Passing structured formatted data
Created by: slifty
The Use Case
We rely on CSVs for passing data into torque. This makes plenty of sense, but it also limits the amount of (basic) formatting that can be assigned to that data. For instance, if a diligence report involves bulleted lists, or bolded / emphasized text within a given sentence.
There is an additional issue that some of the diligence / followup documents have lots of different sections, and asking folks to paste text into csvs feels a bit clunky (since spreadsheets aren't really intended for long form multi-paragraph text blocks).
The non-engineered solution to this involved taking PDF / Word documents, using ghostscript and pandoc to extract text, and manually inserting the data into the system.
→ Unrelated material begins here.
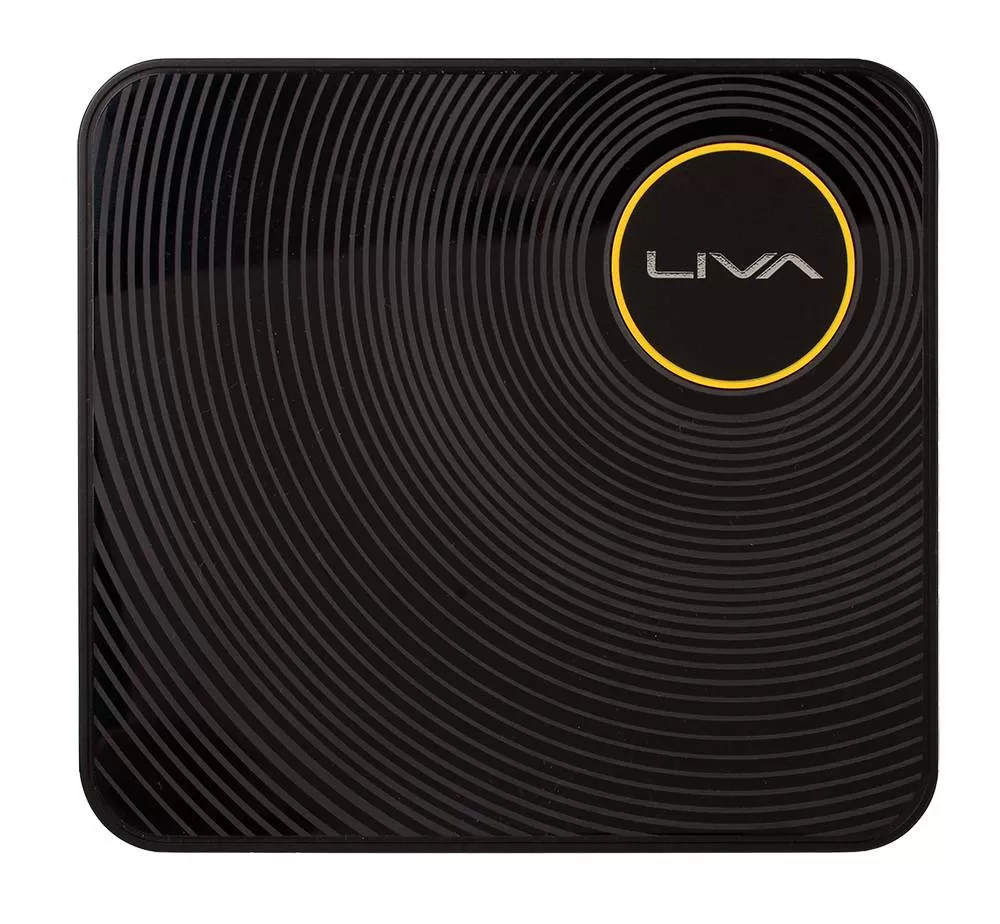 MINI PC ECS LIVA Z, CPU INTEL CELERON N3350, RAM DDR4 4GB (HASTA 8GB), ROM EMMC 64GB (HASTA 1TB), CONECTIVIDAD 5 x USB,SIN SISTEMA OPERATIVO. - Imagen 2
This was a fraught process (but resulted in a deeper understanding of the data which is always nice).
An Engineered Solution
What I'm working on now is just a first draft at an engineered solution. We'll iterate over time I'm sure.
-
I've created very simple word templates which leverage the
header
word formatting types to demark various sections and subsections. -
PDF and other long form data is inserted into these word "templates" manually and provided to OTS.
-
As part of ETL, I use pandoc to convert them to plain text (markdown or wikimedia).
-
Remove any random HTML that got inserted (sometimes indentation causes trouble)
-
Do some basic string replacement to convert the document to archieML format. Thus each section becomes semantically accessible.
-
Convert that structured object into the CSV torque expects.
At that point, it's all just Torque data like anything else.